A María Topete le irritaba a menudo lo poco cuidadosas que eran sus empleadas con aquellas misivas. No le gustaba que lo borraran todo de forma sucia, pero tenía la batalla perdida. Como ella, muchas de las mujeres que la acompañaban en la prisión ocupaban sus cargos como recompensa a su entrega en el bando nacional. O por haber sido viudas de nacionales o por militancia destacada en el Glorioso Alzamiento, pero eran las menos las que se daban cuenta de la grandiosidad de su trabajo. Para eso, reconocía ella, estaban mejor las funcionarias profesionales que habían sobrevivido a la purga después de la victoria.
Lanzó un suspiro. Estaba cansada. Había sido un verano muy duro, de excesivo calor, algo que le perjudicaba mucho a la circulación de las piernas. Movió los pies debajo de la mesa mientras apartaba la vista de las cartas censuradas y pasaba sus ojos por encima de la correspondencia a su nombre. Dos sobres abultaban ligeramente más. Estaban lacrados con cera roja. Soltó la goma marrón y los cogió directamente. Uno llevaba membrete de Gobernación, otro de Justicia.

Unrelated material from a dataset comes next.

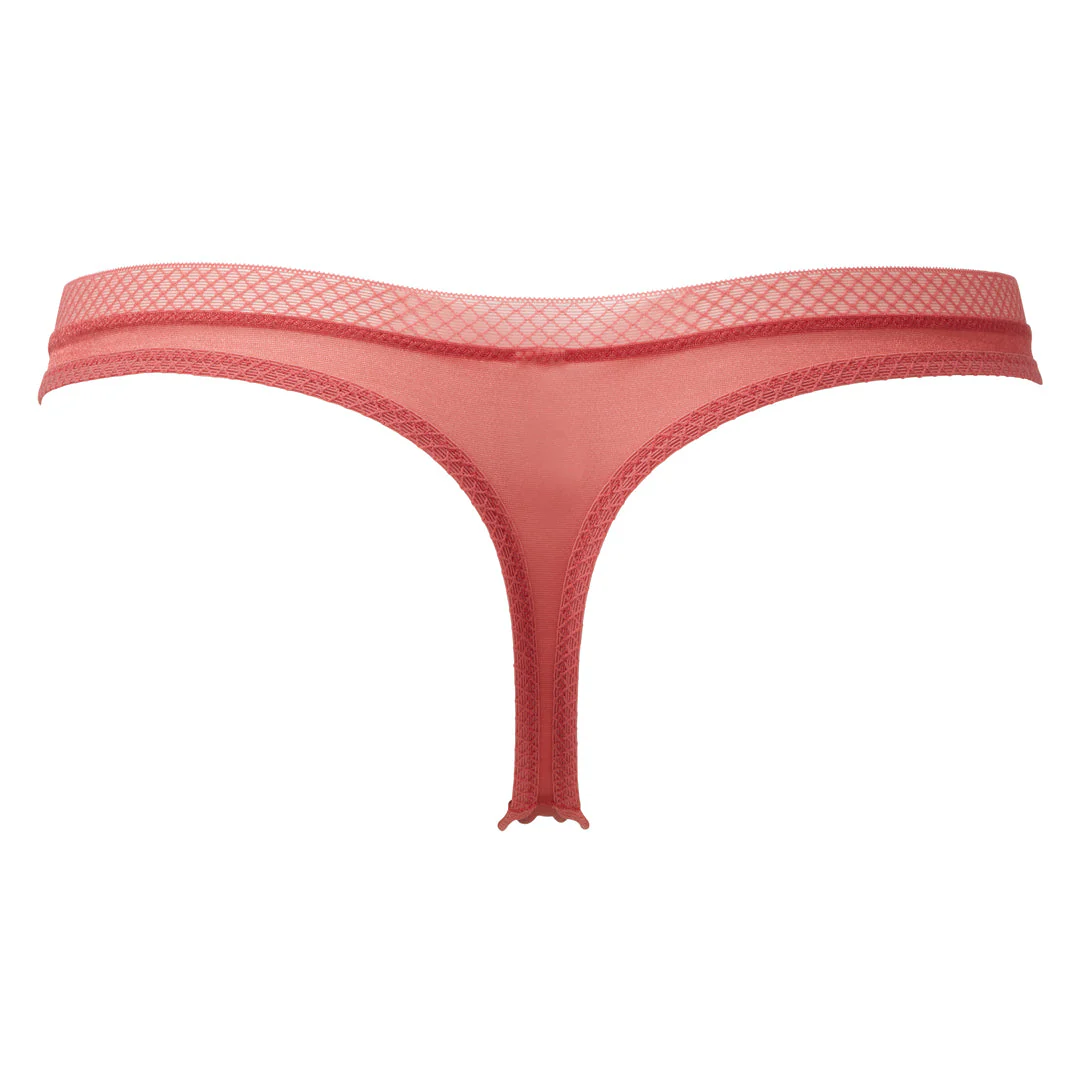 Gossard Glossies Raspberry Sorbet Sheer See Through Thong Panty - Image 9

Leyó y se quedó pasmada. La mano ni siquiera le temblaba. Era de piedra. En las dos misivas, idénticas, sólo cambiaban las firmas. En una, la del ministro de Gobernación, Blas Pérez González. En la otra, la del titular de Justicia, Esteban Bilbao Eguía. El texto era el mismo. Lo leyó una y otra vez con los ojos abiertos como platos. ¡Tenía que entregar al niño Luis Masa Bartolomé, retenido en prisión con los apellidos de su madre, a sus progenitores, Luis Masa Pérez de Santos y Jimena Bartolomé Morera, que se personarían a por el susodicho niño en la cárcel de la Carrera de San Isidro la primera semana de noviembre! La orden era clara, taxativa, escueta. Y a una profesional como la carcelera de la maternal no se le pasó por alto que el niño era citado con los dos apellidos de los padres.